1. The wafer rotation baseline for slot 1 and slot 6 are very similar. It means that ET1 wafers is not sensitive to CMP rotary direction. It matches with the previous result that before we implement ET2 etcher for Contact-1 etching in production line.

2. The wafer rotation baseline for slot 4,5,9, and 10 are very close to slot 1 and slot6. It means that ET2 wafers with over etching show deeper alignment mark depth, therefore, not sensitive to CMP rotary direction.

3. ET2 wafers without over etching are very sensitive to CMP rotary direction. The wafer rotation baseline for slot2/3 and slot 7/8 are similar to results from spilt 1 and split 3 in

pervious W-CMP and oxide touch-up CMP rotary direction experiment.

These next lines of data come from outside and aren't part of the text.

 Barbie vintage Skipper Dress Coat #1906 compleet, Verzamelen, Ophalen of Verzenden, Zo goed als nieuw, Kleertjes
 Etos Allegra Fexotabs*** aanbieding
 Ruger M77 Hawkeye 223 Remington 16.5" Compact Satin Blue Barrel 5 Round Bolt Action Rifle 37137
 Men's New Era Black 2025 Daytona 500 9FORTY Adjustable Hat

The experimental results have proved the assumption that Contact-1 etching step dominates the poor overlay performance. If the alignment mark is not deep enough, CMP rotary direction will enhance the overlay baseline variation and induce a worse result.

18 -Chapter 4

Conclusion and Discussion

4.1 Conclusion of Experiments:

In this thesis, we discuss the CMP and the etching conditions induced lithography overlay error. Some important conclusions are summarized as follows

(a) Alignment mark depth is the most important factor influencing the overlay error. If the alignment mark depth is too shallow, the scanner alignment system either can not detect enough signal and then induce the alignment fail, or the alignment result can not well correspond to the wafer deformation and then make the overlay baseline variation too big.

(b) CMP process also plays an important role in overlay control. Especially in the condition of alignment mark not deep enough, the CMP rotary direction significantly influences the overlay baseline variation.

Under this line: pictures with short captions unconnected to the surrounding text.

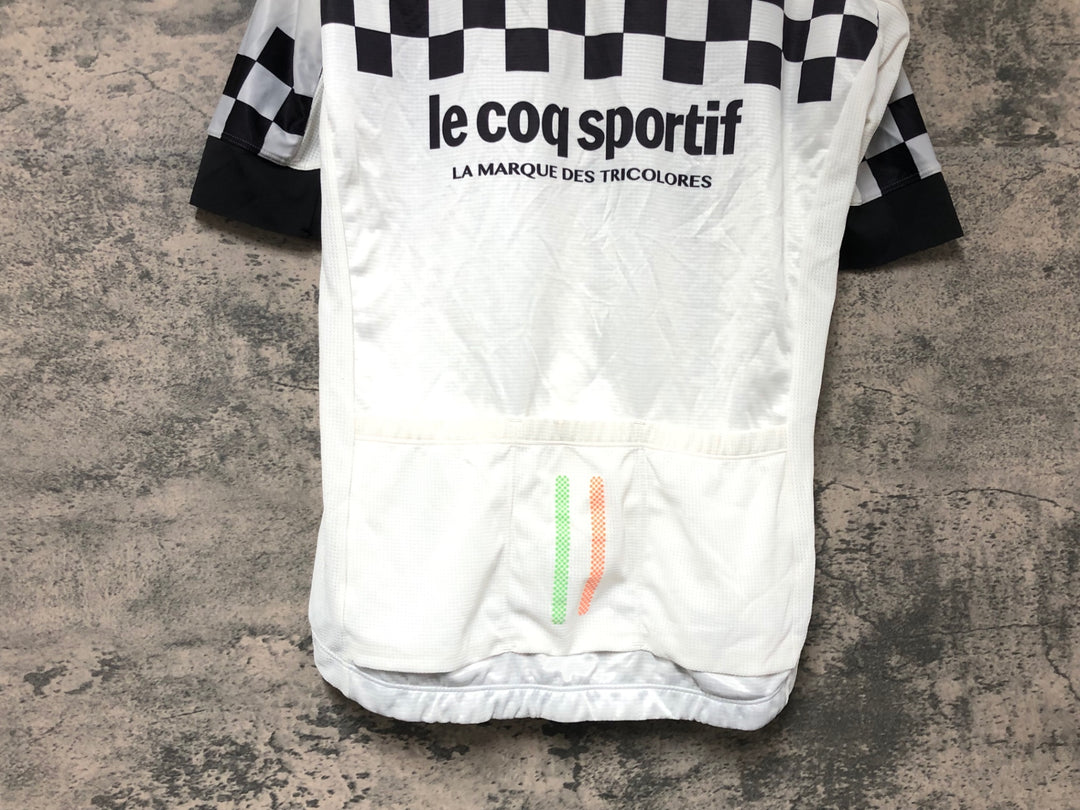 JX335 ルコックスポルティフ le coq sportif 半袖 サイクルジャージ 白 O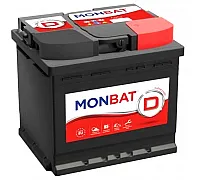Аккумулятор автомобильный 60Ah / 600A / 12V / R / B3/B4 MONBAT D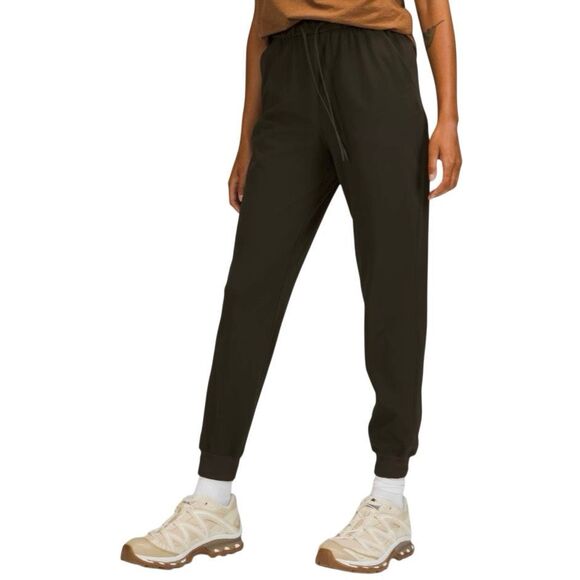 Lululemon Stretch High Rise Jogger Dark Olive Size 4 $112.00 - Picture 1 of 6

(c) In the condition of shallow alignment mark depth, scanner alignment system induced performance difference will become significant.

4.2 The discussion for alignment and overlay strategy:

In general, we separate the factors influence the alignment accuracy and the overlay error performance into 2 parts：

(A) Wafer Process：Including all wafer process that may influence the mark shape. Film deposition thickness, etching time, and CMP polish time, all possibly influence the step height of alignment mark. CMP rotary direction, erosions and dishing effect, etching uniformity, film deposition uniformity all possibly influence the alignment mark deformation and asymmetry.

In this study, we increase the etching time and fix the CMP rotary direction to improve the overlay error performance. But in some cases, the optimal process condition for alignment

mark may not be suitable for the features at circuit areas. Most common case is the alignment mark depth being too shallow. Therefore, it is necessary to coat photoresist to protect circuit area and use additional lithography and etching step to increase the alignment mark depth.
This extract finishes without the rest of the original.